Ясное дело: увидеть, чего от тебя ждут, и потом это озвучить может любой кретин. Вся смекалка, весь бонус в том, чтобы угадать, что людям нужно, еще до того, как они сами поймут. Это реально ценится, а значит, окупается. Такая вот сфера услуг. А говорок у меня, между прочим, выходит шикарный. Крайне убедительный. Вы бы только слышали! Я про ист-эндский говорок, если что. И россказни про уличную торговлю. Я охрененно кошу под «своего в доску», так и знайте. Едем дальше.
По правде говоря, я вырос на севере. В одном из угрюмых городков, где всё в саже, да и вообще мрак полный. Какой именно городок не важно. Думаю, вы согласитесь, что все они под одну гребенку, так что какая разница, назову я вам его или нет? Слишком многого хотите! Делайте, как я: включайте фантазию.

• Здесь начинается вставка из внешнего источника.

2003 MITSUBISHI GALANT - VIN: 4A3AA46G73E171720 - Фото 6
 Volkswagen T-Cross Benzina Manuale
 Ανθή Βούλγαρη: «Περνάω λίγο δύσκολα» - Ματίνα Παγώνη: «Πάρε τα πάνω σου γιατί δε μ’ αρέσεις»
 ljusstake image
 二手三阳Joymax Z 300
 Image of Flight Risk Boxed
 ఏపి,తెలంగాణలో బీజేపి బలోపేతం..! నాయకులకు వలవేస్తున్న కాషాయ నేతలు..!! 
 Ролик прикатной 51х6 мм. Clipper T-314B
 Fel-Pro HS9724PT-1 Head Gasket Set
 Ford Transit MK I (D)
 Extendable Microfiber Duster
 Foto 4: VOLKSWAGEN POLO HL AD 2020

В общем, мой отец был шахтером, прежде чем они стали исчезающим видом спасибо Святой Маргарет (ну и, может быть, королю Артуру [5]; зависит от ваших взглядов). Мама работала в парикмахерской.
Я всерьез считаю Тэтчер святой, хотя в родном городишке называть ее так я бы поостерегся (еще один повод пореже туда ездить). Блин, ну кто в здравом уме захочет всю жизнь горбатиться под землей? Да никто! Старушка Тэтч всем сделала громадное одолжение. Даешь памятник Тэтчер на месте каждой шахты!
Ладно, проехали. Даже когда я был мелким, та история уже быльем поросла. Но только для меня. Другие трещали об этом постоянно, как будто всё случилось вчера.
Мы занимали половину двухквартирного дома, так что рядом, как вы догадываетесь, жила другая семья. Правда, нам не дозволялось даже заикаться о ее существовании, ведь сосед в прошлом один из ближайших отцовских приятелей вступил в Демократический союз британских горняков (или как-то так) и был штрейкбрехером, что, по мнению моего старика, хуже убийства и растления малолетних. Лишь однажды отец чуть меня не ударил когда застукал за разговором с соседскими близнецами.